-- Data section follows --
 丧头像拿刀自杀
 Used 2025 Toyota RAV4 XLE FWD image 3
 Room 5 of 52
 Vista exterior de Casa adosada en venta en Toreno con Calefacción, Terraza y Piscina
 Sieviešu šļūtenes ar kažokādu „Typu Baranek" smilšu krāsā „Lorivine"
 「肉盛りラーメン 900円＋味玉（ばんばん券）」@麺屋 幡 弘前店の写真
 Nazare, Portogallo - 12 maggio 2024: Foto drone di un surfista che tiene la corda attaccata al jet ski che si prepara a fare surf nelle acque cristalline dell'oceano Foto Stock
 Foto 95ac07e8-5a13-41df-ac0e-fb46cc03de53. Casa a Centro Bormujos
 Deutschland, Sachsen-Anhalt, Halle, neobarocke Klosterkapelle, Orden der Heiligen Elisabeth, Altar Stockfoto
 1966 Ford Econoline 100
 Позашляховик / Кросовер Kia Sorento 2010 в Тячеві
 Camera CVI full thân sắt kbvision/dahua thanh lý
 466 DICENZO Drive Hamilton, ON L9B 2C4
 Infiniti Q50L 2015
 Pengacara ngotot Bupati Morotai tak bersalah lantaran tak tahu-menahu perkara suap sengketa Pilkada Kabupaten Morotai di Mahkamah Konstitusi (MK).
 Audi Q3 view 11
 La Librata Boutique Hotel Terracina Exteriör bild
-- Data section concluded --
Your output must contain exactly the lines from the one containing "Audi Q3 view 11" to the final line of the data above, and no other text.

 Audi Q3 view 11
 La Librata Boutique Hotel Terracina Exteriör bild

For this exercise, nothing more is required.